Kavala, Yıldız’ın hukukun evrensel ilkelerine vurgu yapan çıkışının, Türkiye’de ceza yargılamasında yaşanan en temel sorunla doğrudan bağlantılı olduğunu belirtti.
“BU UYARI, AĞIR İNSAN HAKLARI İHLALLERİNİN KAYNAĞINA İŞARET EDİYOR”
Açıklamasında, yanlış veya eksik delillerle oluşturulan iddianamelerin ve bu delillere dayanarak verilen mahkûmiyet kararlarının hukukun evrensel standartlarıyla bağdaşmadığını vurgulayan Kavala, şunları ifade etti:
“Sayın Feti Yıldız, yanlış delille doğru sonuca ulaşılamayacağını hatırlatmıştır. Bu uyarı, Ceza Mahkemesinde yaşanan ağır insan hakları ihlallerine yol açan temel sorunla doğrudan ilgilidir.”
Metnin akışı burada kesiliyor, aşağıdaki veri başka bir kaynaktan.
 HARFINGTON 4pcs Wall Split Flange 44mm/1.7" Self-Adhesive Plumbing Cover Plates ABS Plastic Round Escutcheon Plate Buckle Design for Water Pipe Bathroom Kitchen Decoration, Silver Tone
“AİHM VE AYM KARARLARININ BÜYÜK BÖLÜMÜ YANLIŞ DELİLLERE DAYANIYOR”
Kavala, Avrupa İnsan Hakları Mahkemesi ve Anayasa Mahkemesi’nin, Türkiye’deki hak ihlallerine ilişkin tespitlerinin çoğunun yanlış veya eksik delillerle yapılan tutuklamalar ve mahkûmiyet kararlarıyla ilgili olduğunu belirtti:
“Durumu daha vahim hale getiren, yerel mahkemelerin bu tespitleri dikkate almamaları; zan ve tahmin üzerinden verilmiş kararları gözden geçirmeyi reddetmeleridir.”
“İHLALİN GİDERİLMESİNE DİRENEN YARGISAL TAVIR, İHLALİN KENDİSİNDEN DAHA AĞIR BİR HUKUKSUZLUK YARATIYOR”
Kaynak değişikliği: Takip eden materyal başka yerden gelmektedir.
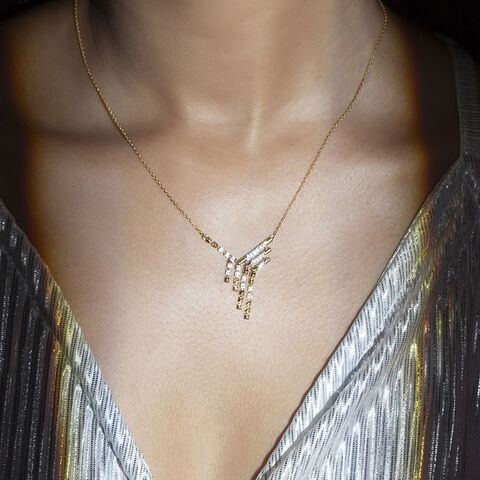 Disco Wave Gold & Diamond Necklace
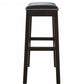 HomeRoots 30" Espresso and Black Saddle Style Counter Height Bar Stool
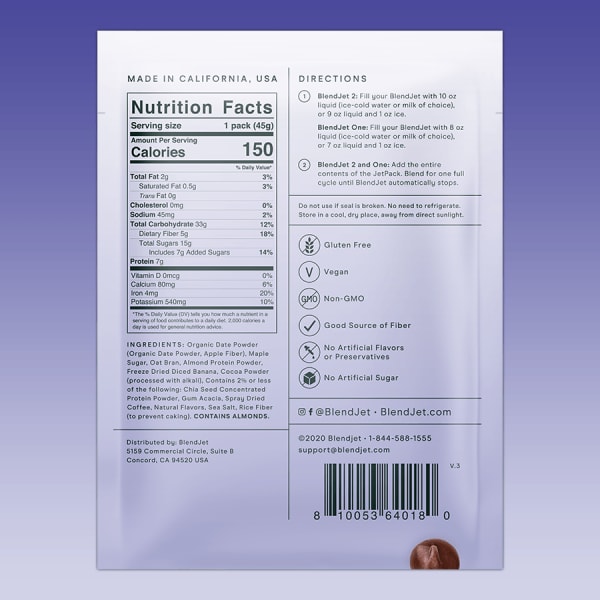 nutrition facts image Mocha Chia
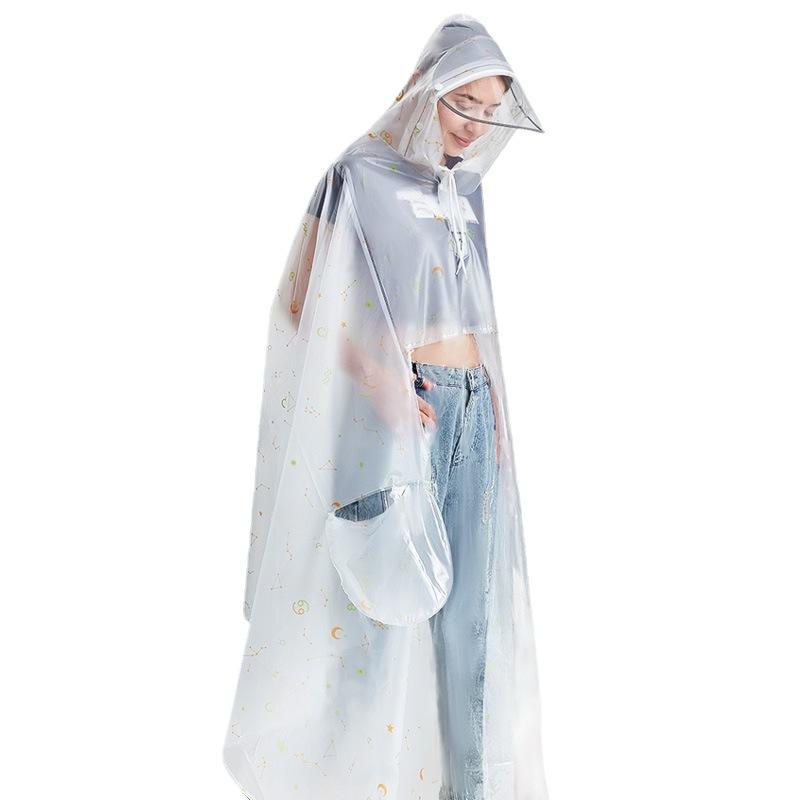 バイク スクーター用レインコート レディース バイク用レインポンチョ ロング丈 全身 膝下丈 PVC素材 ..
Yargıtay Başkanı Ömer Kerkez’in AYM kararlarına uyulması gerektiğine dair ifadelerini hatırlatan Kavala, hukuk devletinin devamı için yüksek yargı kararlarının bağlayıcılığına vurgu yaptı:
“Sayın Yargıtay Başkanı’nın ifade ettiği gibi, ihlalin giderilmesinde ayak diremek, ihlali yaratan tasarruftan daha ağır bir hukuksuzluk yaratmaktadır. Bu tutum, Anayasa hükümlerine aykırı olduğu gibi hukukun evrensel ilkelerinin özünü zedelemektedir.”
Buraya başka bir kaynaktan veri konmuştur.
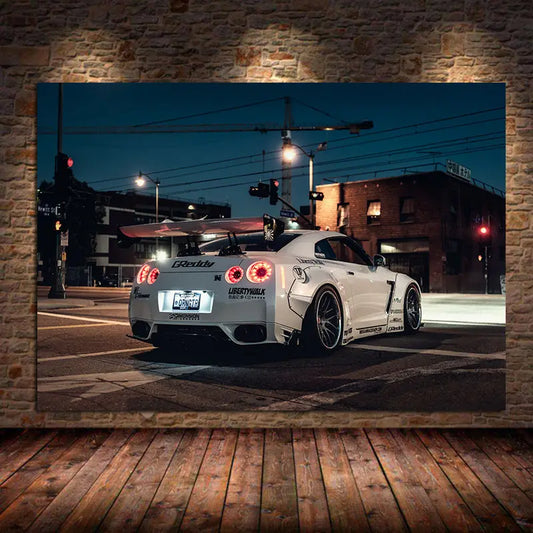 Nissan Tuning GT R R35 White Super Car pósters y estampados de arte de pared moderno Pintura de lona para decoración de la sala de estar sin marco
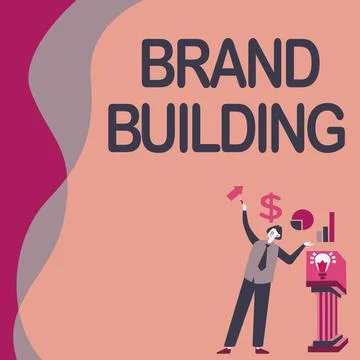 Text caption presenting Brand Building. Concept meaning Generating awareness Ilustración de archivo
2 bin 961 hapiste tutulan Kavala'nın açıklaması şöyle:
"MHP Genel Başkan Yardımcısı Sayın Feti Yıldız, hukukun evrensel ilke ve esaslarına bağlı kalmanın önemini vurguladıgı son açıklamasında, yanlış delille doğru sonuca ulaşılamayacağını, bu tür delillerle yapılacak suç ispatlarının zan ve tahminden ibaret kalacağını hatırlatmıştır.
Bu uyarı Ceza Mahkemesinde yaşanan ağır insan hakları ihlallerine yol açan temel sorunla doğrudan ilgilidir.
Evrensel hukuk ilkelerine göre bireyin insan haklarını korumakla yükümlü olan Avrupa İnsan Hakları Mahkemesi ve AYM'nin ihlal tespitlerinin büyük bölümü, yanlış veya eksik delillerle yapılan tutuklamalar, verilen mahkumiyet kararlarıyla ilgilidir. Durumu daha vahim hale getiren, yerel mahkemelerin bu tespitler' dikkate almamaları, zan ve tahmin üzerinden verilmiş kararları gözden geçirmeyi kabul etmemeleridir.
Sayın Yargıtay Başkanı'nın ifade etmiş olduğu gibi, ihlalin giderilmesinde ayak diremek ihlali yaratan yargısal tasarruftan daha ağır bir hukuksuzluk yaratmakta. Anayasa hükümlerine aykırılık teşkil eden bu davranış, hukukun evrensel ilkelerinin daha esastan ihlali anlamına da gelmektedir."